• RECORDS FOR THIS TASK:
----

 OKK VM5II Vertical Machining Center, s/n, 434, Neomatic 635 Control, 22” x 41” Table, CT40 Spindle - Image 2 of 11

----

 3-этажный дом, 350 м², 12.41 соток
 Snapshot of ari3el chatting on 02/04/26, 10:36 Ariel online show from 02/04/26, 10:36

----

In the entries above, one line contains "3-этажный дом, 350 м², 12.41 соток" and another contains "Snapshot of ari3el". Reproduce exactly those two lines and the lines between them, nothing else.

 3-этажный дом, 350 м², 12.41 соток
 Snapshot of ari3el chatting on 02/04/26, 10:36 Ariel online show from 02/04/26, 10:36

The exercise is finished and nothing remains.